### [Task description]
What follows is a set of entries. Repeat them exactly, but not their pictures.
══ Input
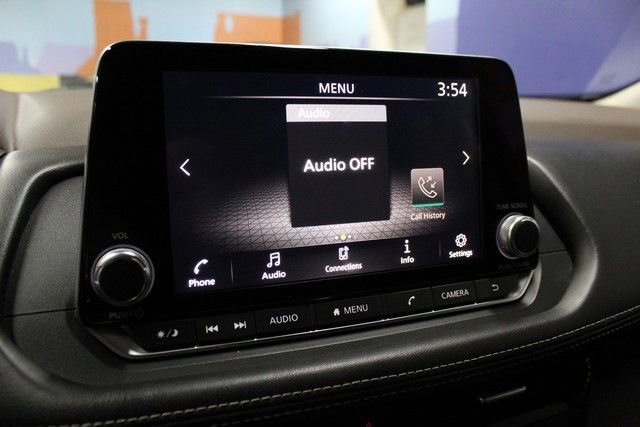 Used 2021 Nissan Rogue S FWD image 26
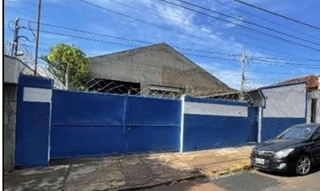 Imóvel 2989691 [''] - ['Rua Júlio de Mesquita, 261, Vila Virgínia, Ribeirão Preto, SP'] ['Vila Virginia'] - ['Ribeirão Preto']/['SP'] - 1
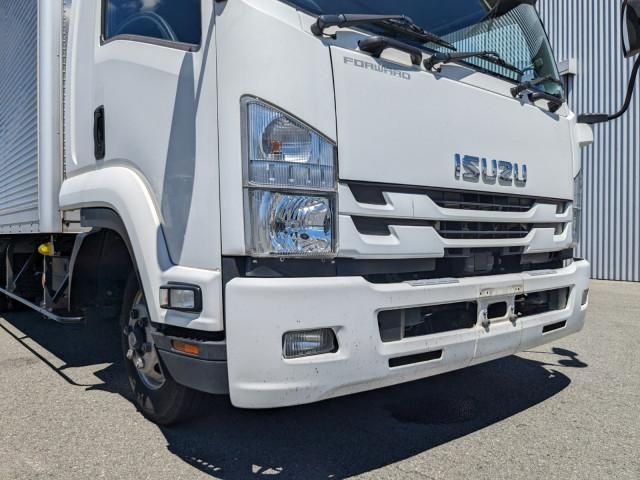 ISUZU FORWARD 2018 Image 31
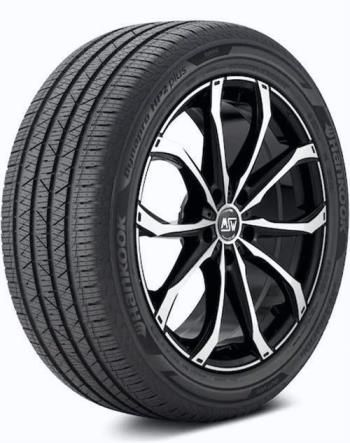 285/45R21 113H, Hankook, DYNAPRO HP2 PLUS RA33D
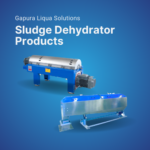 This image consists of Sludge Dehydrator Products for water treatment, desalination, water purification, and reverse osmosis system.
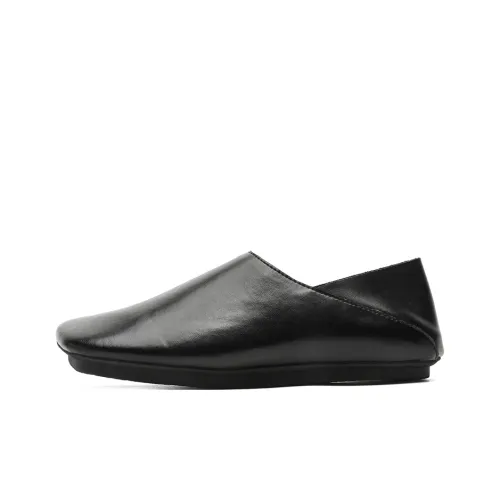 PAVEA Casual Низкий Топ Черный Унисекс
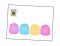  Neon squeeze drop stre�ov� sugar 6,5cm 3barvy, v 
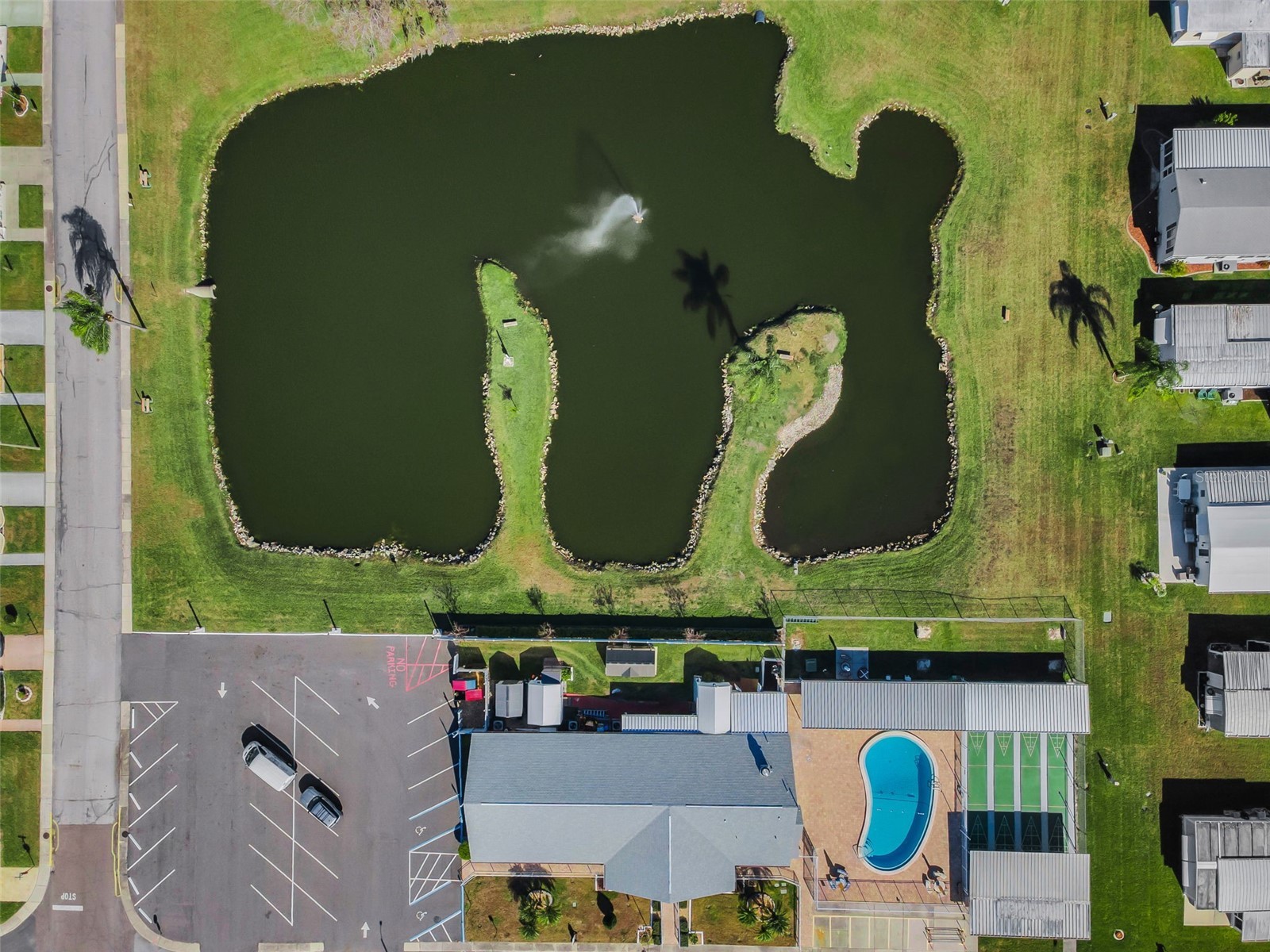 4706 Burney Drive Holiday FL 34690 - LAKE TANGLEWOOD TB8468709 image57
════
### [Answer to this exercise]
 Used 2021 Nissan Rogue S FWD image 26
 Imóvel 2989691 [''] - ['Rua Júlio de Mesquita, 261, Vila Virgínia, Ribeirão Preto, SP'] ['Vila Virginia'] - ['Ribeirão Preto']/['SP'] - 1
 ISUZU FORWARD 2018 Image 31
 285/45R21 113H, Hankook, DYNAPRO HP2 PLUS RA33D
 This image consists of Sludge Dehydrator Products for water treatment, desalination, water purification, and reverse osmosis system.
 PAVEA Casual Низкий Топ Черный Унисекс
  Neon squeeze drop stre�ov� sugar 6,5cm 3barvy, v 
 4706 Burney Drive Holiday FL 34690 - LAKE TANGLEWOOD TB8468709 image57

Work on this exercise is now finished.